Second, both the one-way function '→' and the reduction '¬' are not one-to-one mappings. This process will give you a preimage—i.e. given H it can give some password P such that P → H and you are happy—but that password will not necessarily be the original password! Usually any preimage will do, thankfully, but it's still a problem because this means that two different chains can 'merge' into one. This ties very closely to the question you're asking.
As you have surmised, 100% coverage of the input domain is also really hard to achieve because you can't control which words the one-way function (and therefore the reduction) is going to choose! Many rainbow tables just settle for some inaccuracy -- so if you cover 99.9% of the input domain, you don't worry about trying to get all of the other 0.1%.

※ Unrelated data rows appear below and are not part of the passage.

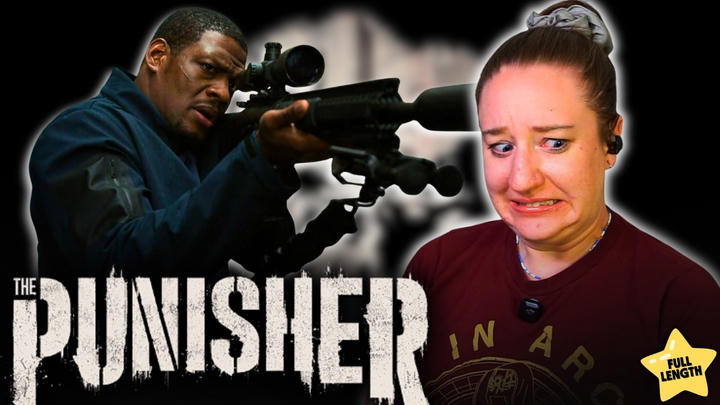 The Punisher: My Brother's Keeper [2x08] [Full Reaction]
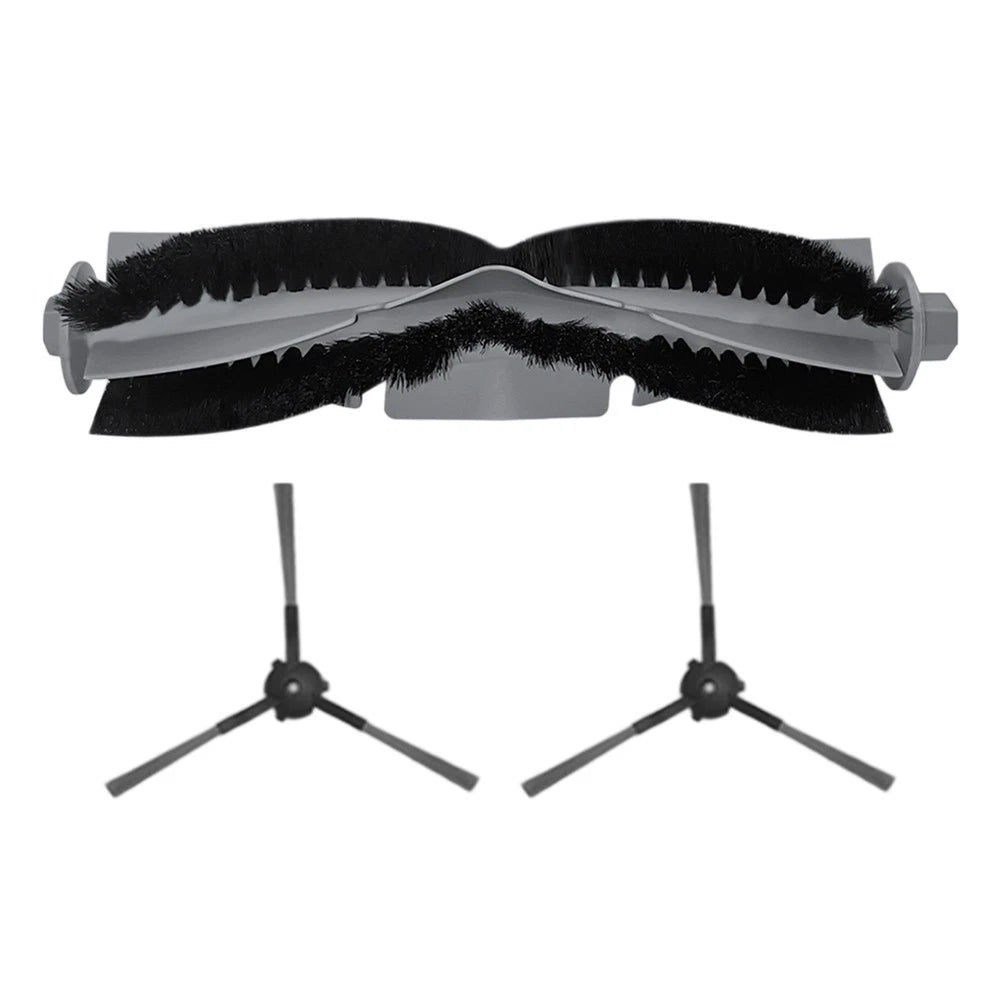 Maintenance Kit Main Brush & Side Brushes for ECOVACS DEBOT Y1 PRO (2019–2023)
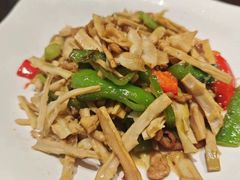 -阿峰饭店·本地土菜馆·农家土鸡煲·一品神仙鸡(报福店)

The reason these two completely different-sounding things are connected is that if you think about it, if you find one of those 0.1% and feed it to your hash function and then the reduction -- there's actually a 99.9% chance that you end up on a chain you already have! So you have these super-short chains which immediately merge into other chains!
If you were trying to compress by a factor of 1000, then you might choose a chain length of 2000, try for 99.95% coverage, and then store these missing 0.05% as a separate lookup table -- then between the two tables you have 100% coverage. Or, you might choose a chain length of 1000 with, say, a 99% coverage, and just accept a 1% failure rate on hashes. Either one is acceptable depending on how you store the chains and how much work you want to do to ensure coverage.